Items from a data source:
■ ■ ■ ■ ■ ■ ■
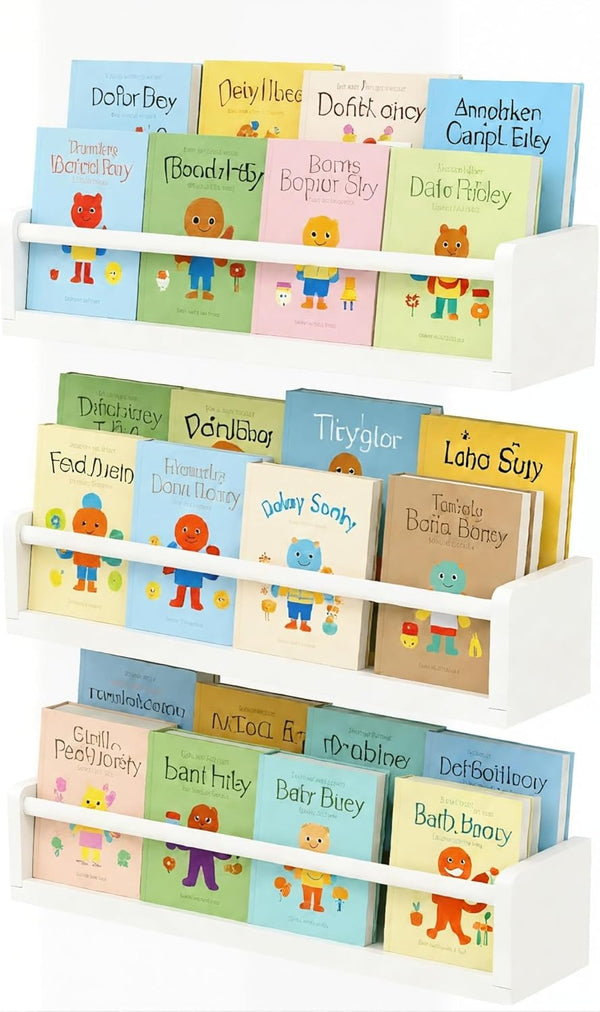 White Nursery Floating Shelves Set of 3 Wall Mounted Kids Bookshelf &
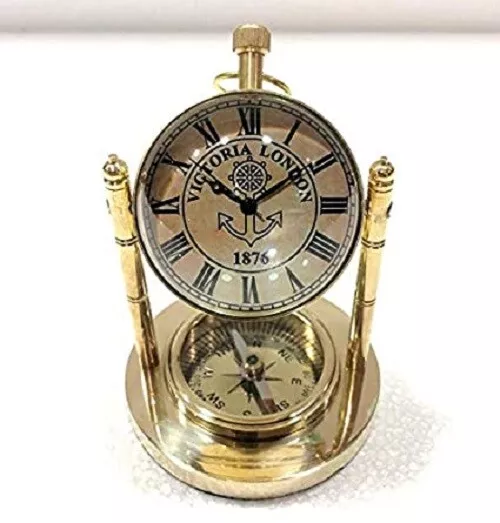 Antik Viktorianisch London Alter Stil Messing Glas Uhr Dekor (10.2x6.3cm)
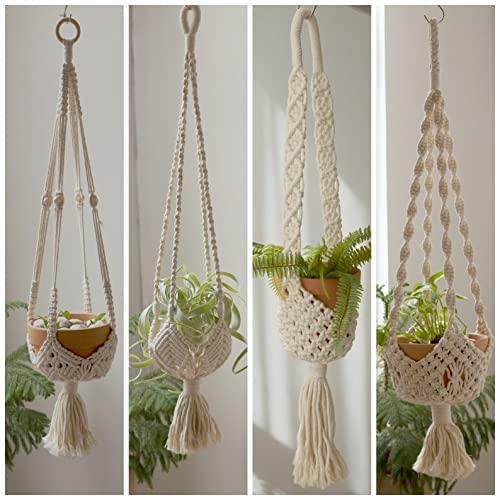Aain Macrame Cotton Plant Hanger without Pot and Set of 4 | Ceiling Hook Hanger, Rope Flower Pot Holder for Indoor Outdoor Balcony Garden Home Decor Flower Planter (Ivory) (B0C28D8Q5M) Amazon Price History, Amazon Price Tracker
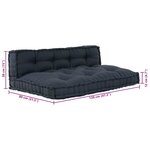 vidaXL Coussin de canapé sur palette 2 Pièces Anthracite tissu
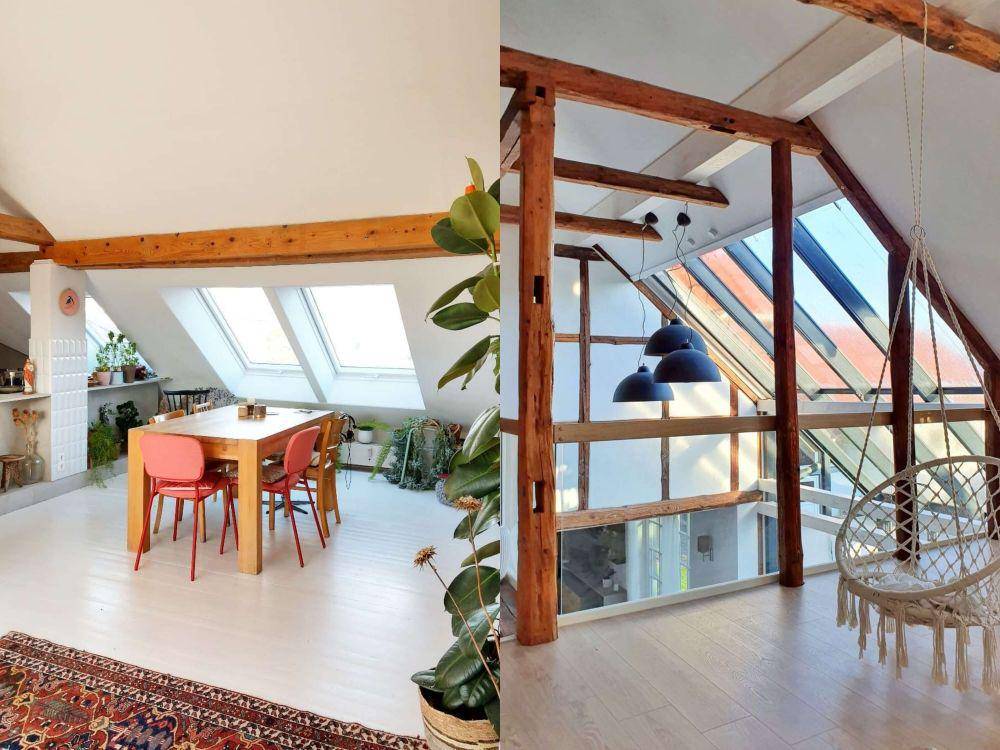inspirasi wood beams di ruangan (instagram.com/sabineaigi | instagram.com/fachwerk_liebelei)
■ ■ ■ ■ ■ ■ ■
### [WORK INSTRUCTIONS]
An exact copy is needed of the lines running from the one with "Antik Viktorianisch London" through the end of the data above, and of those lines only, without pictures.

### [EXPECTED ANSWER]
 Antik Viktorianisch London Alter Stil Messing Glas Uhr Dekor (10.2x6.3cm)
Aain Macrame Cotton Plant Hanger without Pot and Set of 4 | Ceiling Hook Hanger, Rope Flower Pot Holder for Indoor Outdoor Balcony Garden Home Decor Flower Planter (Ivory) (B0C28D8Q5M) Amazon Price History, Amazon Price Tracker
 vidaXL Coussin de canapé sur palette 2 Pièces Anthracite tissu
inspirasi wood beams di ruangan (instagram.com/sabineaigi | instagram.com/fachwerk_liebelei)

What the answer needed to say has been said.